The New York Post's Page Six had a juicy scoop Sunday: Maggie Gyllenhaal is not doing her shifts at the Park Slope Food Coop. The
gory details:
According to sources, Gyllenhaal is one of the many celebs and VIPs in the stroller-heavy neighborhood who send minions to work the two-hour, 45-minute monthly shifts required to maintain good standing with the co-op and gain access to its organic quinoa, kale, black futsu squash, Mutsu apples and other produce.
Sources -- that's
plural -- eh? But the Post presents us just one for the claim that Gyllenhaal specifically has had someone else do her shift:
Neighborhood blogs first reported that co-op members were sending nannies, cleaning staff and personal assistants to work their shifts. Annoyed residents say the practice is out of control among the co-op’s wealthier members.
“Everyone in Park Slope is talking about the wealthy members of the co-op sending people in their place to do their shifts,” one groused. “[The co-op] doesn’t know how to do deal with it. The celebrities are sending other people. While Gyllenhaal has done shifts, she has also been sending somebody else to do her shifts.”
The Post demonstrates that it has no idea what it's talking about:
But an insider said that “fancy members, like big actors,” can arrange “future time-off plans, or FTOP, so if they go on location, they can skip future shifts.”
Uh, you don't have to be an actor to do FTOP.
Anyway, what's odd about the Post article is it actually goes on to do some due diligence: it quotes another Coop member saying Gyllenhall does do her shifts, and quotes her rep with a great response: "Who would go? She doesn’t have anyone in her employ except me, and I don’t do it."
But despite all of that, and the Post only quoting a single unnamed source, they just went ahead with it anyway. Ok, that's not really surprising, except the part where they actually quoted someone casting doubt on their premise. (h/t
Fucked in Park Slope for making this point already, and explaining some backstory: the PSFC 'nannygate' story was covered in the NYC media extensively a year ago; the Post is late to the game, but simply added the Gyllenhaal angle).
What's really sad is what happened after the Post story appeared: the aggregators arrived to repeat the report!

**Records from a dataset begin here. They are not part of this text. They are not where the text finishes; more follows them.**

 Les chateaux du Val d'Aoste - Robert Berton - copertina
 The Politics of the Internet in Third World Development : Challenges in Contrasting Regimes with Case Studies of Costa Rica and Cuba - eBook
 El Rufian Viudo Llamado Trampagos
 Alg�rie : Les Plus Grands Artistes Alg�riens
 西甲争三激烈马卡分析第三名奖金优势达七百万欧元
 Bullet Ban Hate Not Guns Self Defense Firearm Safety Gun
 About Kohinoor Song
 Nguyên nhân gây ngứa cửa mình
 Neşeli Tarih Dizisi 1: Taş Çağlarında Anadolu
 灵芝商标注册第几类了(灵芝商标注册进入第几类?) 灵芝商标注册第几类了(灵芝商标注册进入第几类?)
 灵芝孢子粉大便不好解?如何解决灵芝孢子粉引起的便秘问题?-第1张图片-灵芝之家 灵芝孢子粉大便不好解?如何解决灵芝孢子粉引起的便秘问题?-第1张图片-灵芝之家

Evann Gastaldo's write-up at
Newswer.com at least left the Gyllenhall matter as an open question, and Noreen Malone's piece at the
Daily Intel was even a bit skeptical. But here's the thing: repeating the Post report, or even repeating it and being skeptical, is lousy if the initial report is so obviously sketchy in the first place. There's such a thing as good aggregating, but repeating anything you see -- or even repeating it but adding some question marks -- is not good.
And then there's the
Atlantic Wire, which threw all caution to the wind: "Maggie Gyllenhaal Shirks Park Slope Co-Op Shift" says the headline. The write-up, by Ray Gustini, puts the claim back into accusation territory, but the damage is done.
Look, my point isn't that Maggie Gyllenhall has indeed done all of her own coop shifts. Maybe she has, or maybe the accusation is actually true and she hasn't. Even if the Post story turns out to be correct, it doesn't put the article or the aggregators repeating it in the right.

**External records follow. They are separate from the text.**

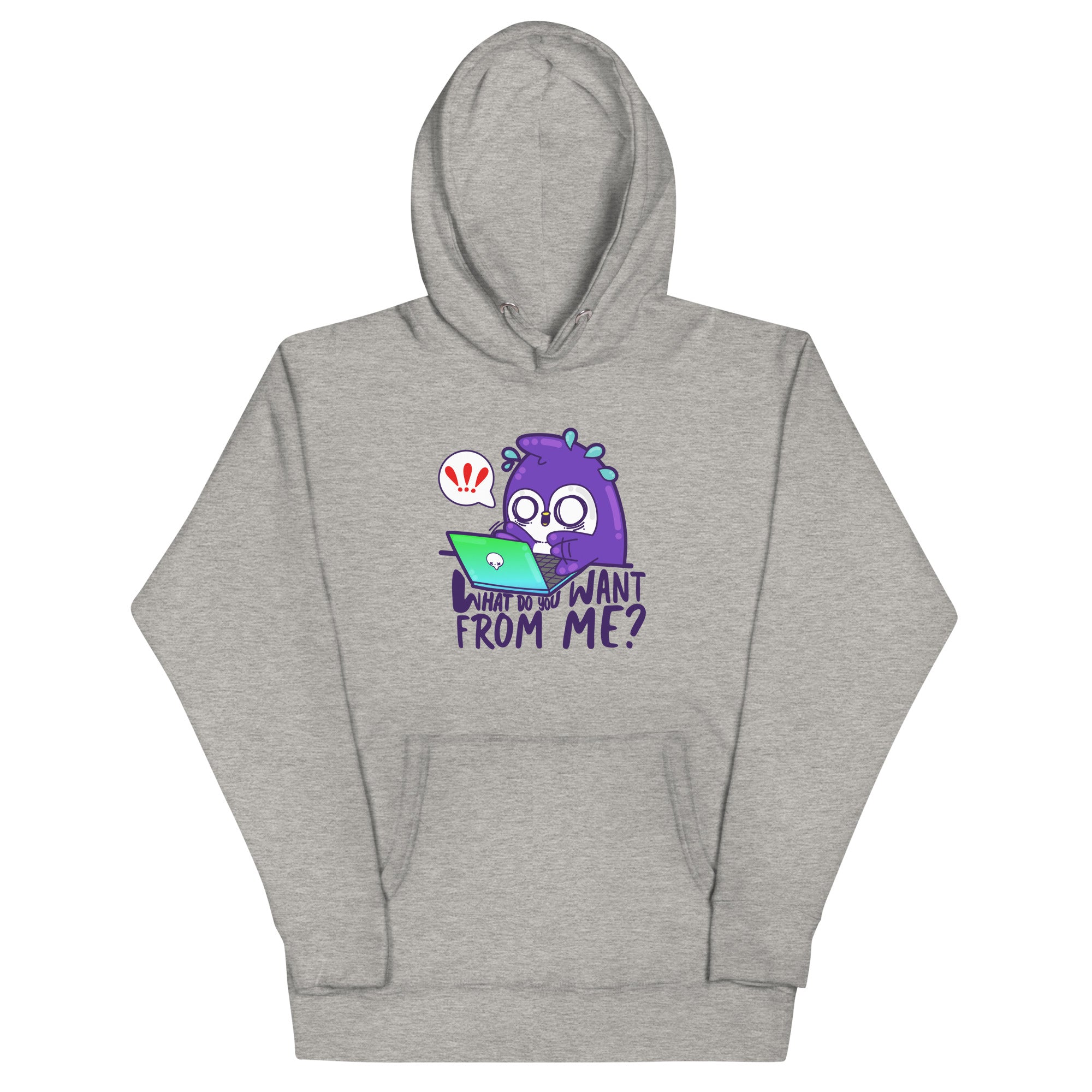 WHAT DO YOU WANT FROM ME - Hoodie - ChubbleGumLLC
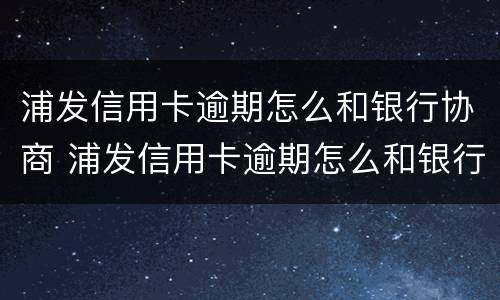浦发信用卡逾期怎么和银行协商 浦发信用卡逾期怎么和银行协商分期分三年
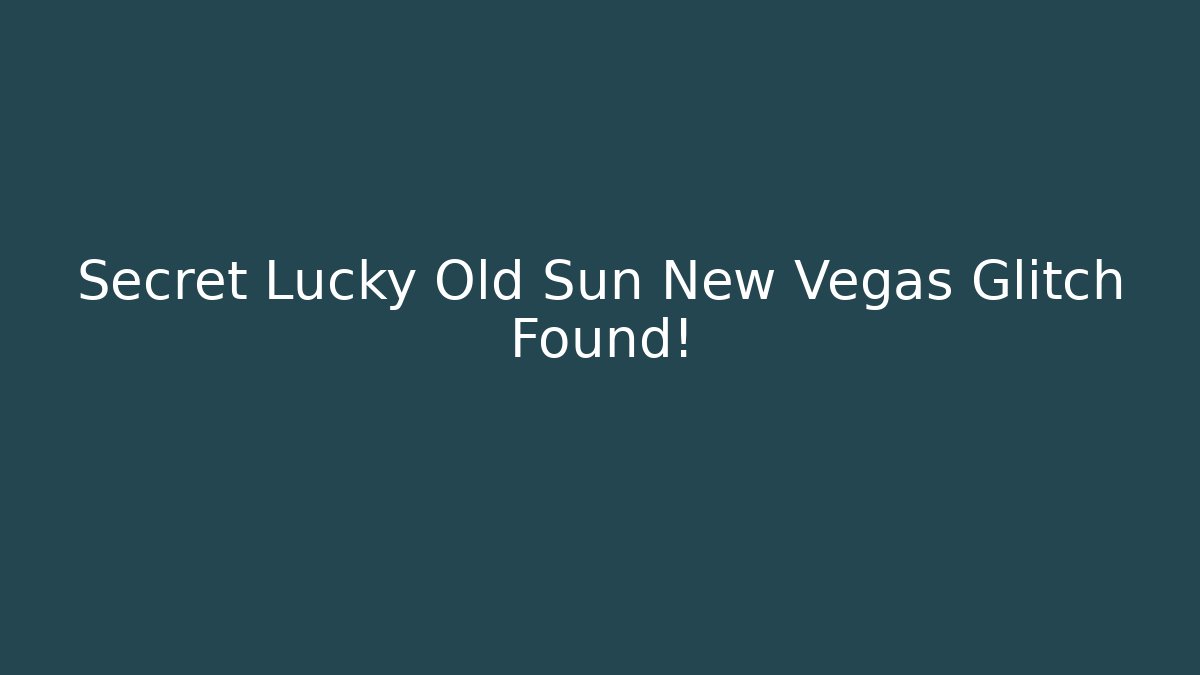 Secret Lucky Old Sun New Vegas Glitch Found!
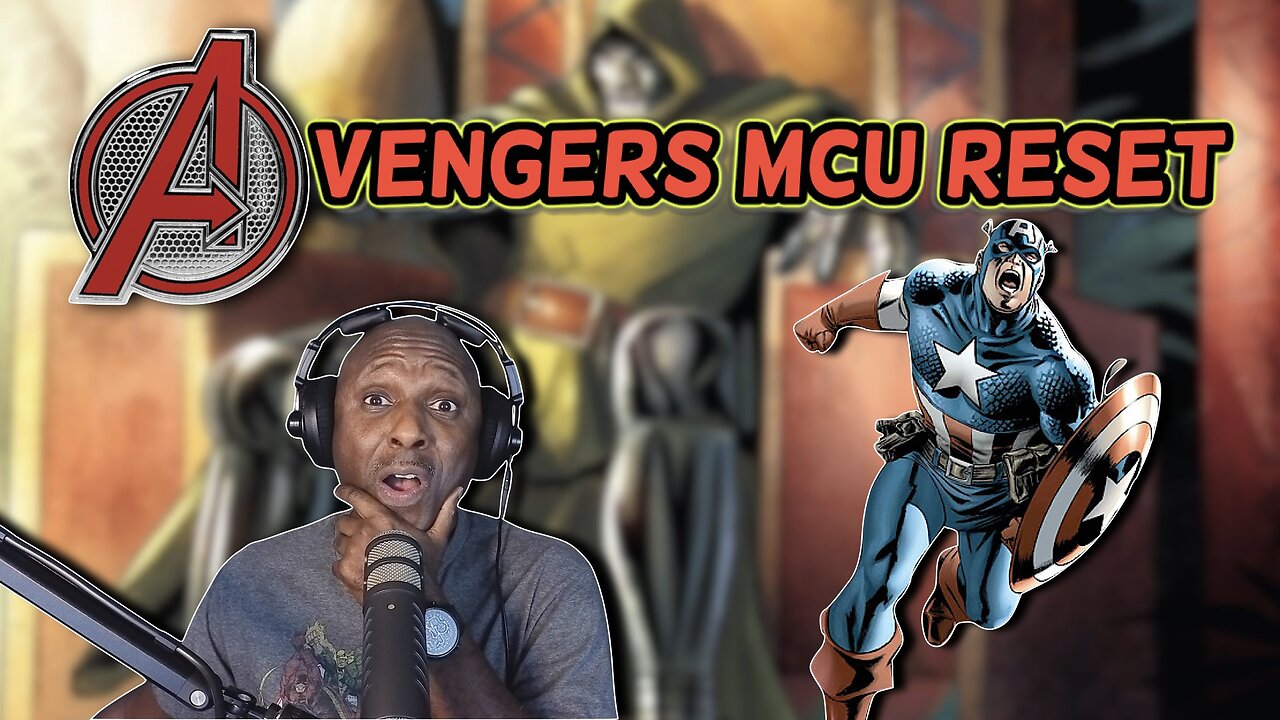 Avengers Doomsday Rumors: Erasing Post Endgame MCU and Resetting with Captain America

The New York Post never pays much of a price for getting stuff wrong or even making stuff up; that's a losing battle. But some of these aggregators, particularly ones affiliated with bigger names (i.e. The Atlantic) -- they need to be shamed. Only if they pay a price will they be deterred from continuing this kind of nonsense. So far, they haven't paid much of a price for day-to-day stuff like this.